I am 28 years old and single. Most of the time I feel I will never meet anyone. I have gone on dates with nice and good looking men. But, I always find something wrong with them: he walks strange, his job is not good enough, he chews with his mouth open, he wears too much cologne, he has a high pitched voice, he is too nice, he is not chill enough, lives with his parents, he is not as educated as me, he is shorter than me, he is not funny. So is it my fault? Probably. Am I scared? Maybe. Am I the only one? Who knows.
I am a neurotic, emotional, and anxious neat freak who judges people as I judge my own self.
I am 30 years old. I live in my parent’s basement. They did it to help me go to college. I am currently working full time and going to college full time. I feel like I will never leave their basement. My fiance left because of it, but he wasn’t working to help out. I don’t think I’ll ever find someone else due to low self esteem from weight issues. I wish people could see past the few pounds I’m overweight and actually give me a chance. But, as shallow as people don’t like to see themselves, they are. It has given me the worst self esteem out of anyone I know. I wanted to write to maybe hopefully change one persons mind about the way they view other people. Just because someone is slightly overweight, does not mean they are dirty, trashy or stupid. We know we’re heavy. You don’t have to give us dirty looks, some of us try to not be that way but it is hard. Look what you’ve done to my self esteem. My weight comes from a surgery that went wrong. I did not eat myself into oblivion. Look what you did to my trust. No one wants me.
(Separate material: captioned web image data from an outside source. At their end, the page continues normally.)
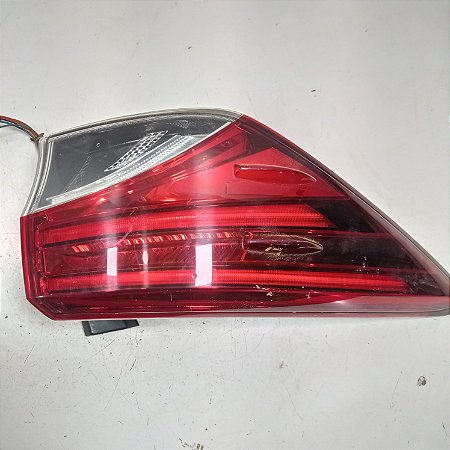 Lanterna Direita Canto Toyota SW4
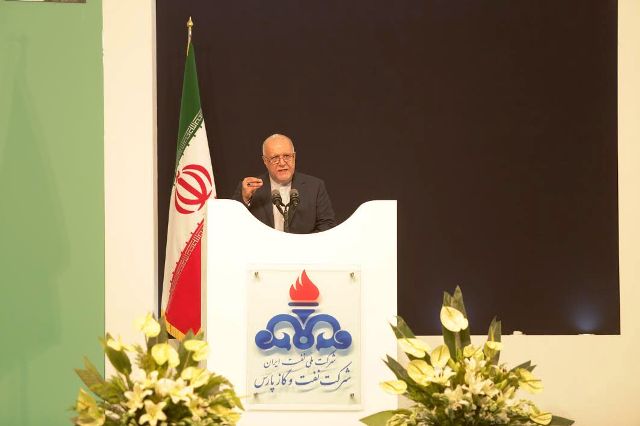 وزیر نفت:
پارس جنوبی نماد و آینه تمام نمای اقتصاد مقاومتی است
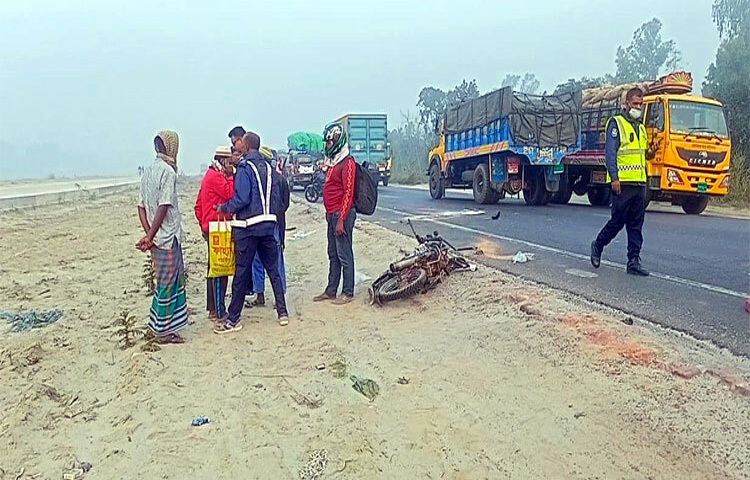 টাঙ্গাইলের কালিহাতীতে গাড়ির ধাক্কায় মোটরসাইকেলের দুই আরোহী নিহত হয়েছেন। ছবি: জাগো নিউজ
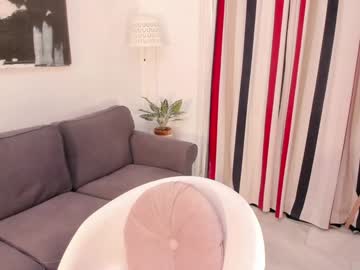 Raychell_Black Chaturbate stream image from September 22, 2025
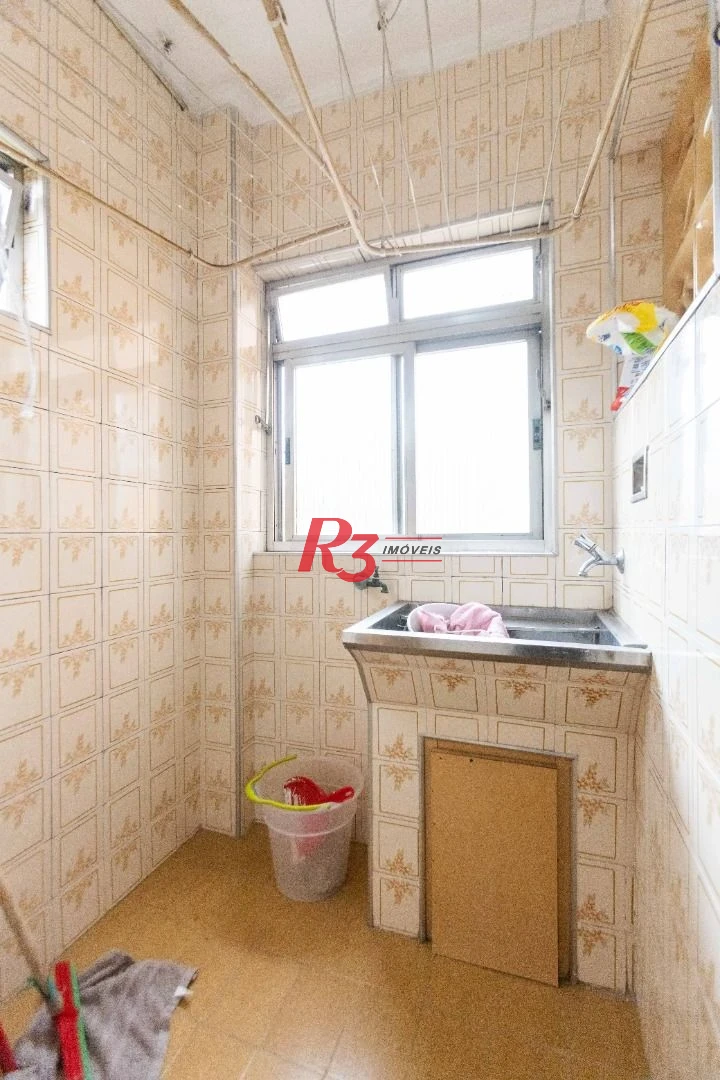 Apartamento com 2 dormitórios à venda, 52 m² por R$ 372.000,00 - Aparecida - Santos/SP
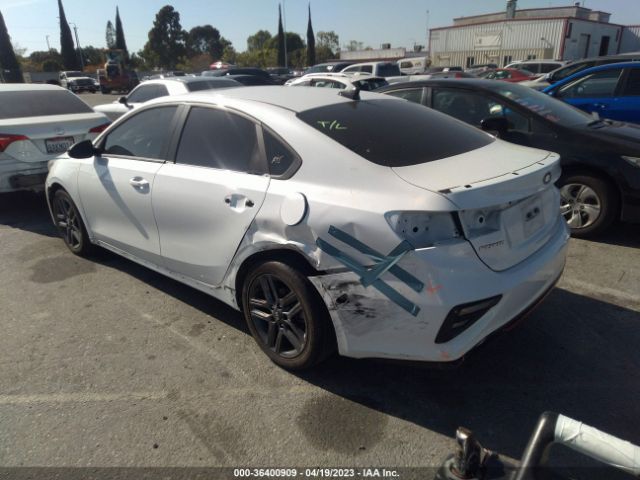 3KPF34AD2ME411181 KIA Forte Gt-line
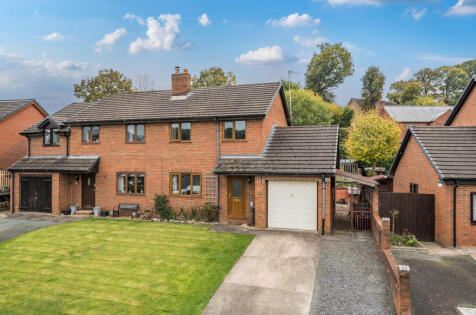 Ffordd Newydd, Bettws Cedewain, Newtown, Powys, SY16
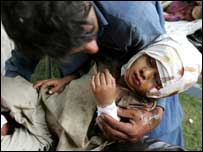 ملبے سے نکالا جانے والا ایک بچہ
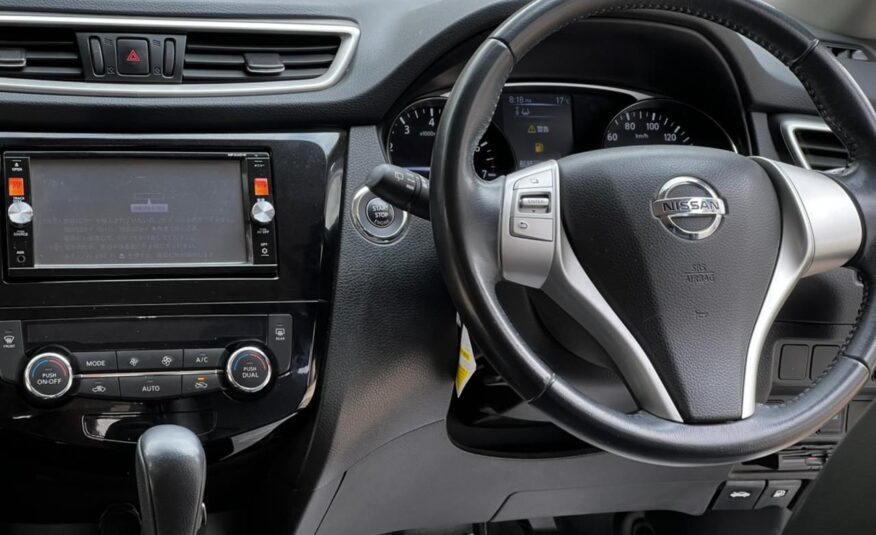 2015 NISSAN X-TRAIL
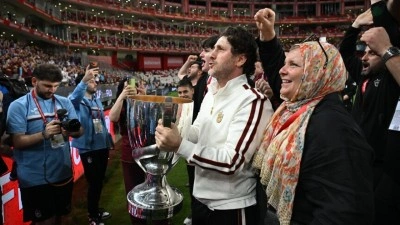 Trabzonspor, Fatih Tekke ile k&ouml;t&uuml; g&uuml;nlerden kupaya y&uuml;r&uuml;d&uuml;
I just turned 22 years old on Monday. Almost every day I wake up fearing the world. Hiding away in my room unless I’m around my family out in the open. Last week for my birthday I went on a ghost hunters event with my brother. They have events all around. I’ve watched there show since it aired first season. When we we’re there one of the psychics from another T.V. show was there. I was so excited to meet him as well. The event made me so “happy and felt alive.” While my brother and I were sitting outside for air the psychic went outside for a walk. My brother said to me what if he’s reading us right now. I responded to him I sure as hell hope not. In a way I was hoping he’d come up and tell me I’d be OK because I’m sick of being scared of the world and always afraid people will judge me from the appearance I choose and not my heart.
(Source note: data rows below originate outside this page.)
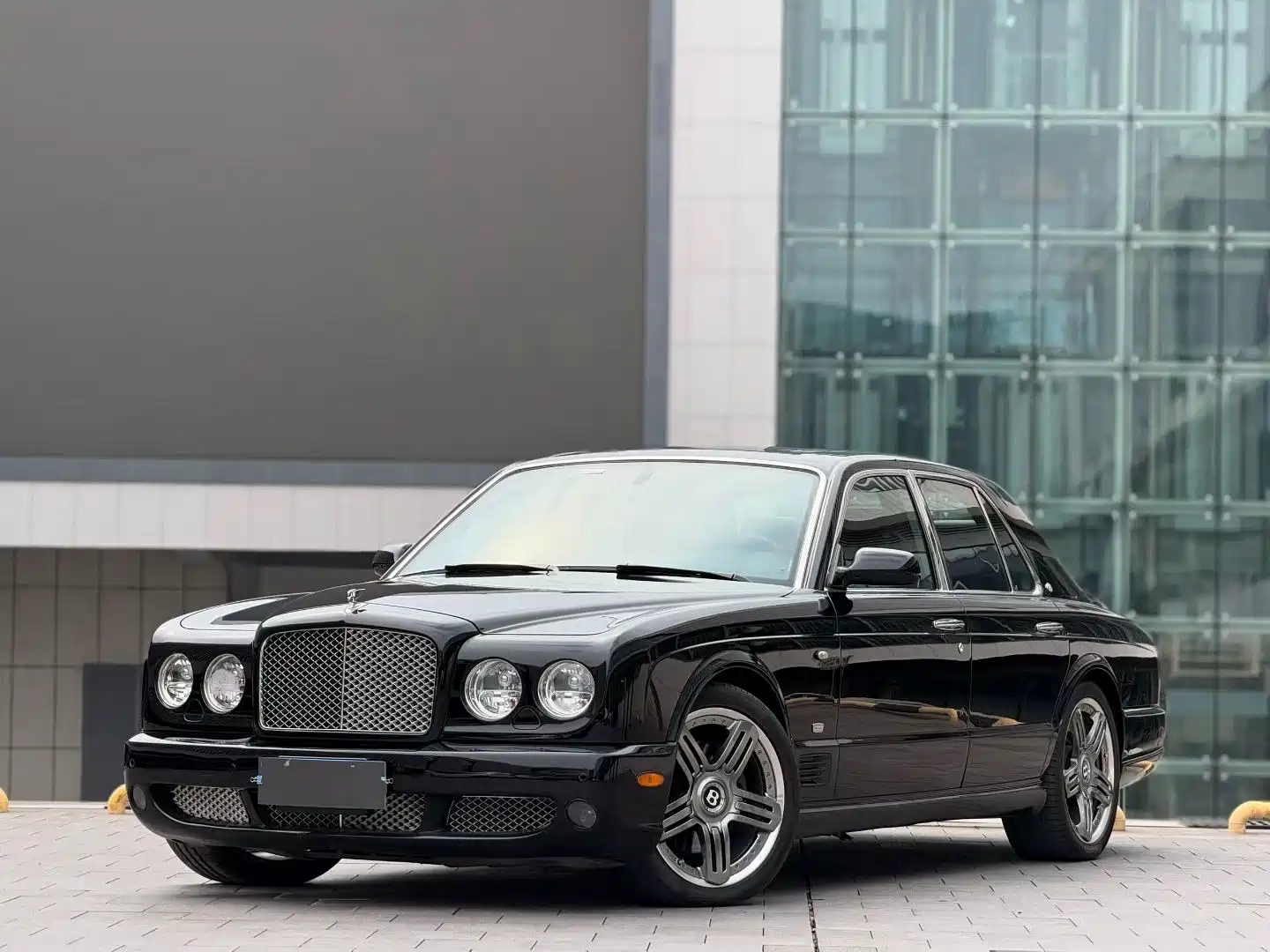 Photo 1 - Bentley Arnage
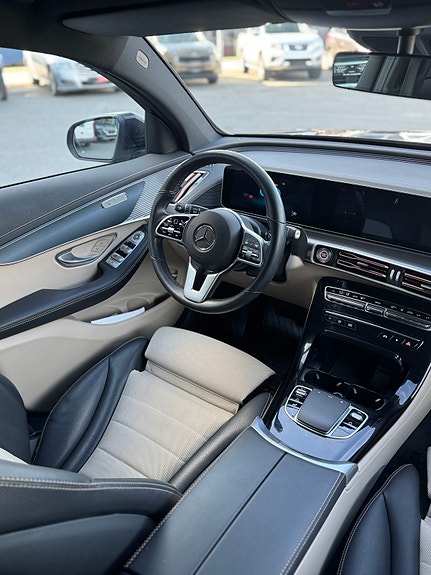 Mercedes-Benz EQC400 23 of 30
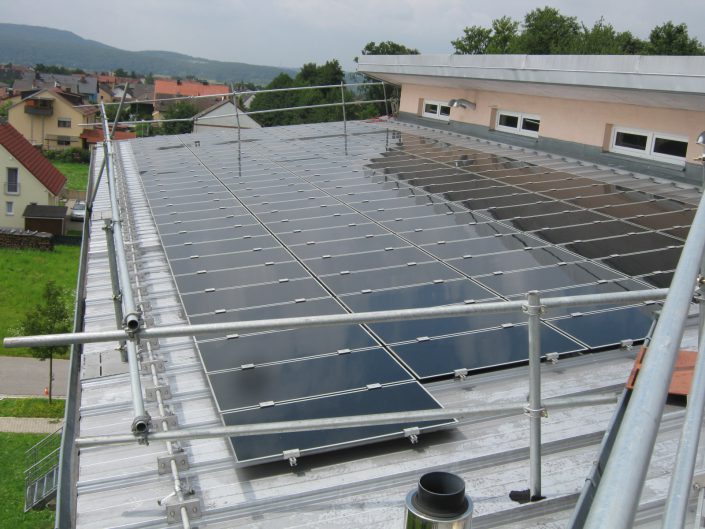 Solarbau mit höchster Sicherheit - Seitenschutz-Gerüst von Sifatec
My dog died a week ago. Along with the pain and sadness of losing a member of my family who didn’t judge me, laugh at me, or verbally abuse me, it made me realize that I could never become a genuine Christian. I could never believe in a God that keeps your family, friends, and loved ones hostage so that if you’re not good and live up to His expectations you never see them ever again.
My best friend is a born-again Christian. He and I often get into very involved discussions (I’m a science person). To tell the truth though, I envy him. He used to be the most volatile person before he “got religion”, and he appears very happy. Am I a bad person because I miss that volatile side?
I had two girls, both ten years old, tell me that they used Nair and/or shaved their legs every day. TEN! That’s when you build tree houses and make smores, not worry about how silky smooth your legs are! Bad, bad mothers.
I always judged those people who took their friends’ boyfriends. I recently became one of those people. I know that what I did was wrong, and I know that everyone else is now judging me for it. I’m judging myself. But I cannot control the way I feel; I love him.
On the outside I’m a loud, goofy, carefree person. On the inside I’m quite the opposite. I spend 80% of my time thinking about my death or being dead, and how life is too difficult for me to be truly happy. I’ve been in the hospital 3 times in the past 2 years for suicide attempts, and have managed to not let anyone find out… I guess what they say is true, you should never judge a book by its cover.